§ Task requirements:
The data below should be printed in full, exactly, and without any of its images.

§ Supplied material:

# # # #

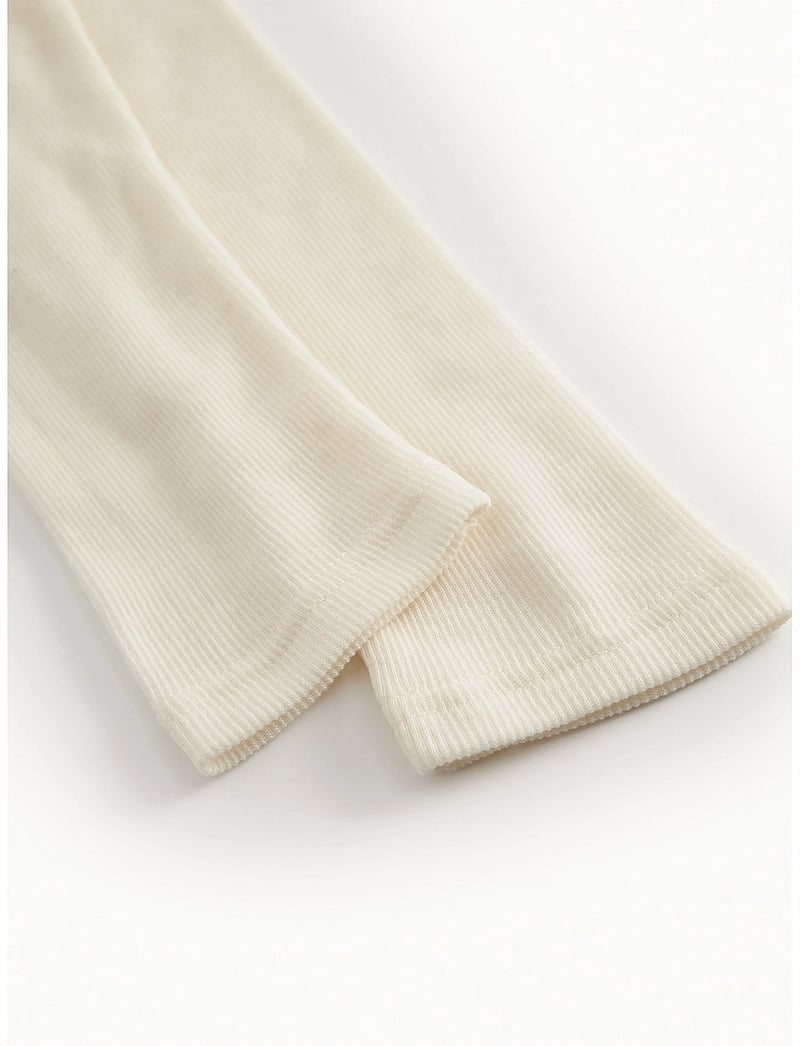 MarMar Copenhagen - Leg - aluskihina kantavad püksid - natural - 4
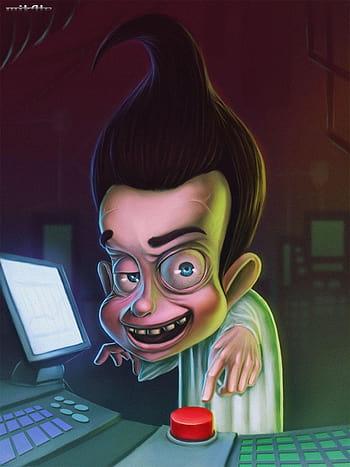 Jimmy Neutron Wallpapers  Wallpaper Cave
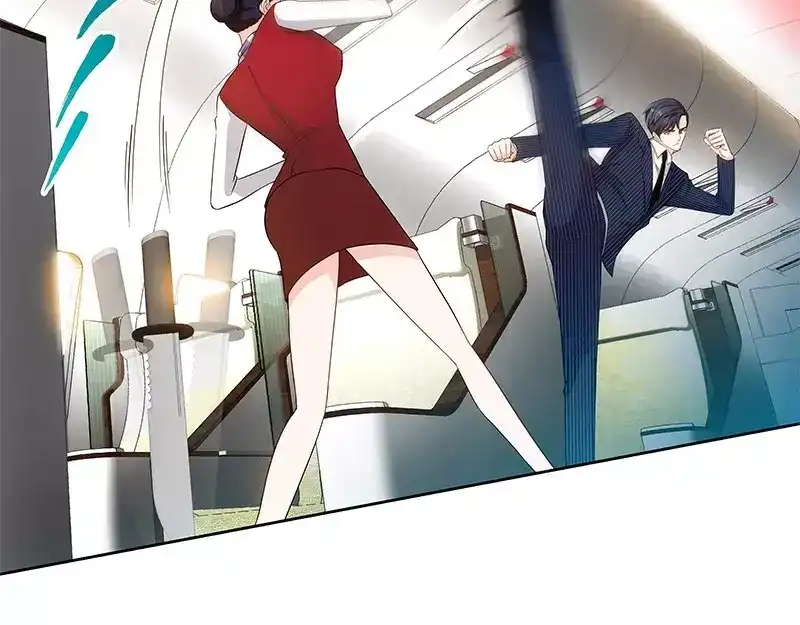 《纯情丫头休想逃》第121话 人毁机亡 第20页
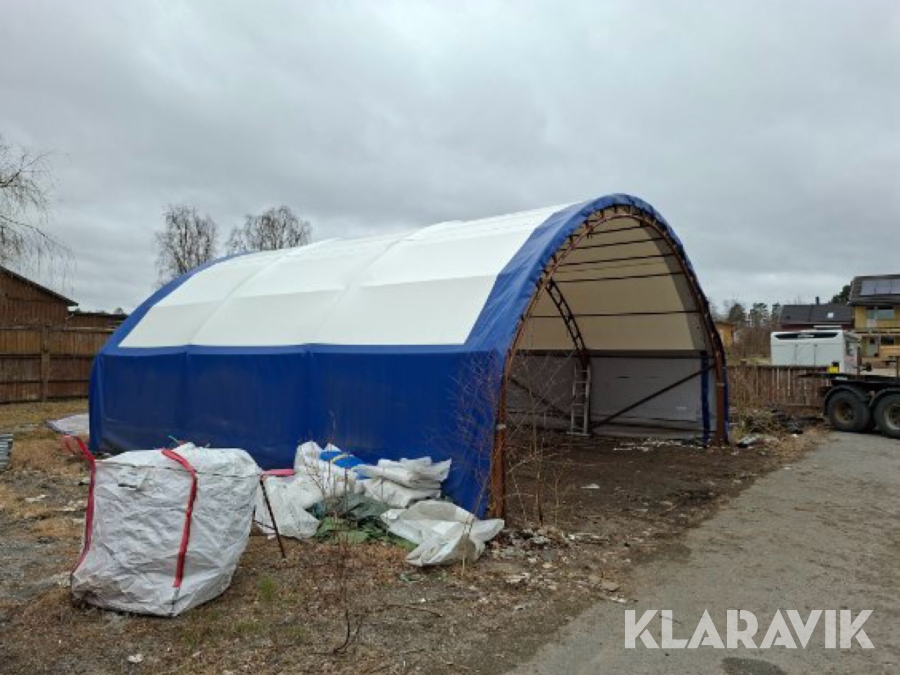 Tälthall Jensen Protect Ab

# # # #

§ Written answer:
 MarMar Copenhagen - Leg - aluskihina kantavad püksid - natural - 4
 Jimmy Neutron Wallpapers  Wallpaper Cave
 《纯情丫头休想逃》第121话 人毁机亡 第20页
 Tälthall Jensen Protect Ab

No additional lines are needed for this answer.